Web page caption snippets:
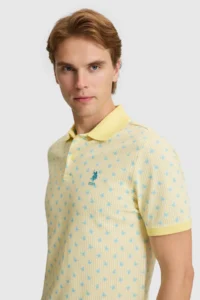 US Polo Assn. Men Light YELLOW T-Shirt - Image 2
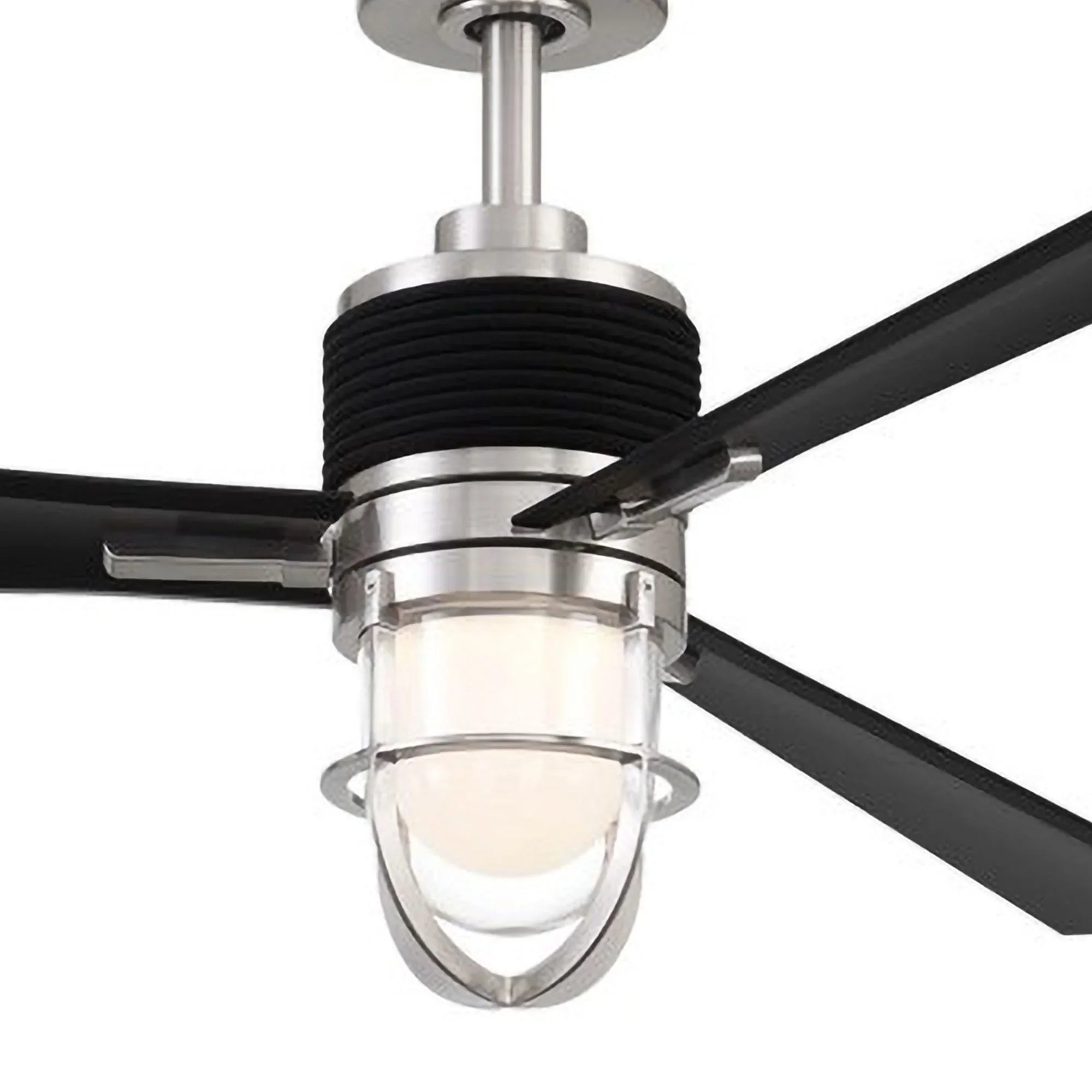 Nauticus 65" LED Smart Ceiling Fan, Brushed Nickel Wet with Coal Blades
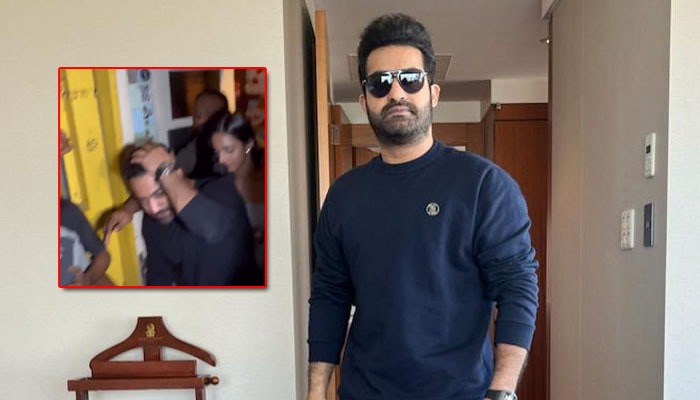 NTR Jr gets mobbed by fans as he steps out for dinner with wife Lakshmi Pranathi in Mumbai - Watch Video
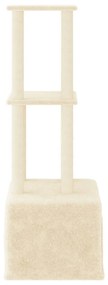 Árvore para gatos c/ postes arranhadores sisal 133,5 cm creme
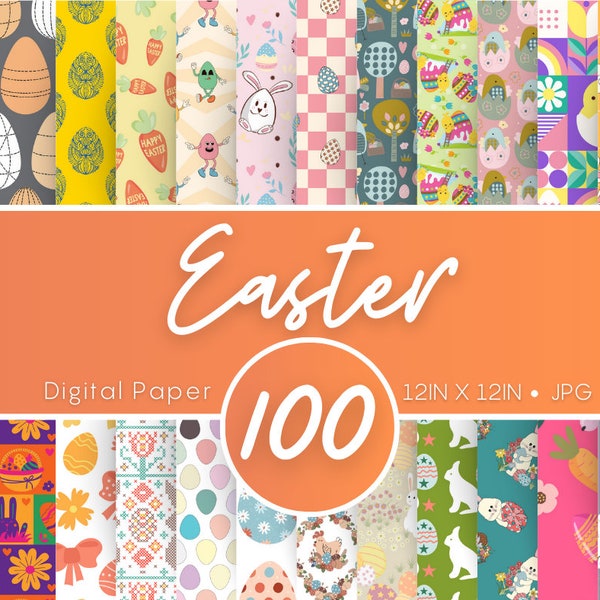 Easter, 100 Easter Digital Paper, Happy Easter Day, Easter Paper Bundle, Digital Paper Commercial Use Instant Download, Easter Digital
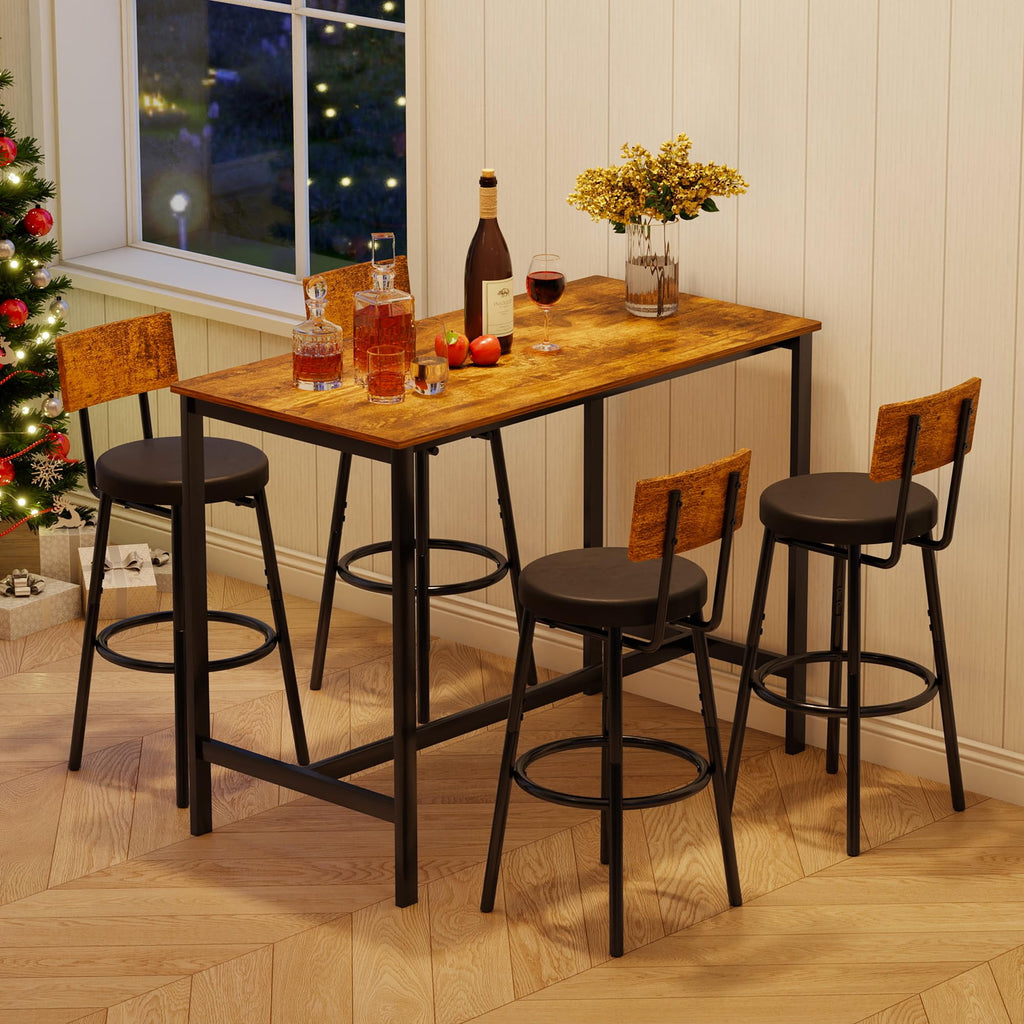 Bar Table and Chairs Set of 4, 5 Piece Counter Height High Breakfast Table Chairs Set of 4, Brown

▶ [WHAT IS EXPECTED]:
Transcribe, from the records above, the first line and every line after it up to and including the line with "Árvore para gatos"; omit pictures.

▶ [ANSWER SECTION]:
 US Polo Assn. Men Light YELLOW T-Shirt - Image 2
 Nauticus 65" LED Smart Ceiling Fan, Brushed Nickel Wet with Coal Blades
 NTR Jr gets mobbed by fans as he steps out for dinner with wife Lakshmi Pranathi in Mumbai - Watch Video
 Árvore para gatos c/ postes arranhadores sisal 133,5 cm creme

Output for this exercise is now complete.